In more recent Python versions, you can do addr[::-1].hex(':') if you are doing this to create a hex string for a MAC address. Thanks to nocomment for pointing this out (in a comment) below. — Josiah Yoder
– Josiah Yoder, Commented Feb 25 at 15:51

SilentGhost · Accepted Answer · 2010-07-15 18:21:08Z

78

>>> s = 'aabbccdd'
>>> '-'.join(s[i:i+2] for i in range(0, len(s), 2))
'aa-bb-cc-dd'

answered Jul 15, 2010 at 18:21

SilentGhost

322k67 gold badges312 silver badges294 bronze badges

Sign up to request clarification or add additional context in comments.

3 Comments

Hamish Grubijan Over a year ago

What about sequences of odd length?

jsbueno Over a year ago

I consider this more pythonic than the zip voodoo in the aproved answer. The fact thet you don't need to use range(len(string)) in for loops in python, does not mean one have to go to invent crazy things just to avoid it.

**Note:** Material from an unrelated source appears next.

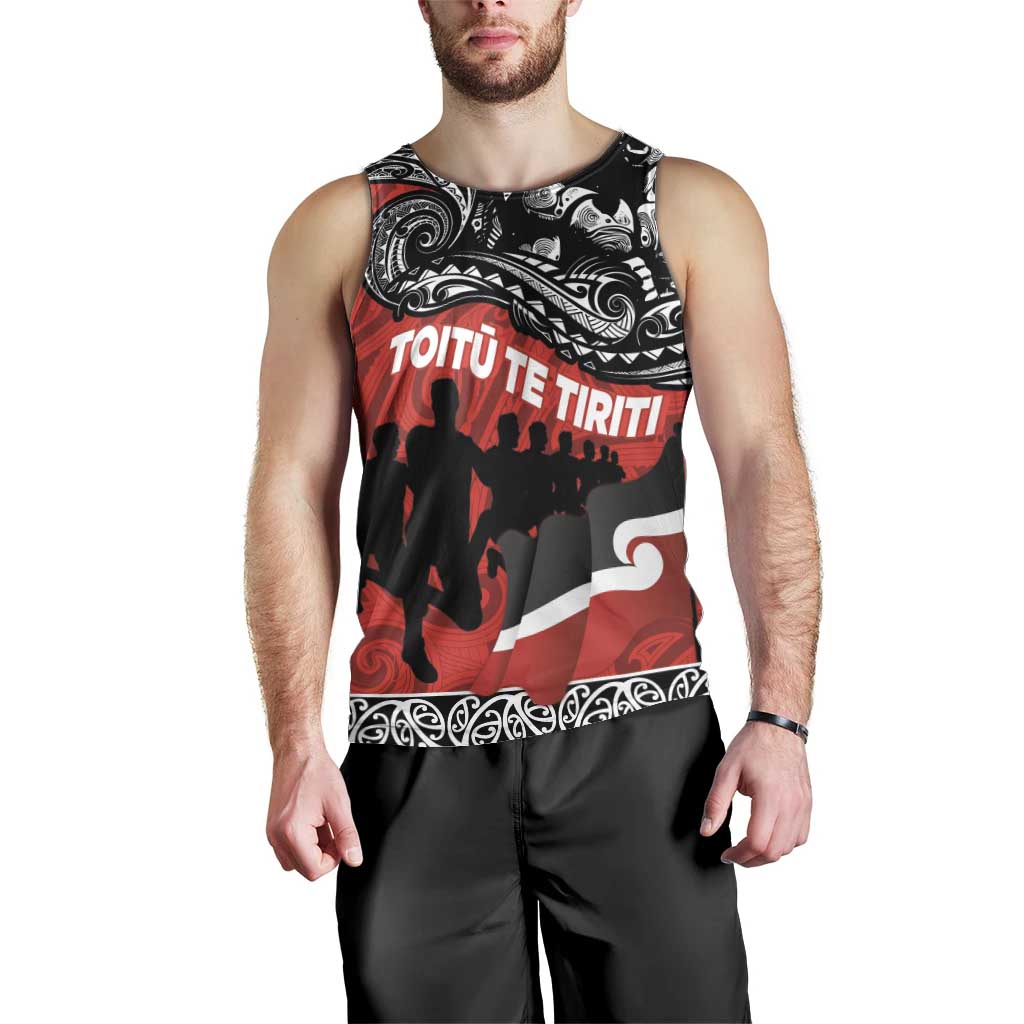 Aotearoa Toitu Te Tiriti Men Tank Top Honoring Te Tiriti o Waitangi Maori Haka LT03 - Polynesian Pride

SilentGhost Over a year ago

@hamish: it keeps last character in and inserts a hyphen in front of it. Is it not a desired behaviour?

kennytm · Accepted Answer · 2010-07-15 18:30:55Z

60

Assume the string's length is always an even number,

>>> s = '12345678'
>>> t = iter(s)
>>> '-'.join(a+b for a,b in zip(t, t))
'12-34-56-78'

The t can also be eliminated with

>>> '-'.join(a+b for a,b in zip(s[::2], s[1::2]))
'12-34-56-78'

The algorithm is to group the string into pairs, then join them with the - character.

The code is written like this. Firstly, it is split into odd digits and even digits.

>>> s[::2], s[1::2]
('1357', '2468')

Then the zip function is used to combine them into an iterable of tuples.

>>> list( zip(s[::2], s[1::2]) )
[('1', '2'), ('3', '4'), ('5', '6'), ('7', '8')]

But tuples aren't what we want. This should be a list of strings. This is the purpose of the list comprehension

>>> [a+b for a,b in zip(s[::2], s[1::2])]
['12', '34', '56', '78']

Finally we use str.join() to combine the list.

>>> '-'.join(a+b for a,b in zip(s[::2], s[1::2]))
'12-34-56-78'

The first piece of code is the same idea, but consumes less memory if the string is long.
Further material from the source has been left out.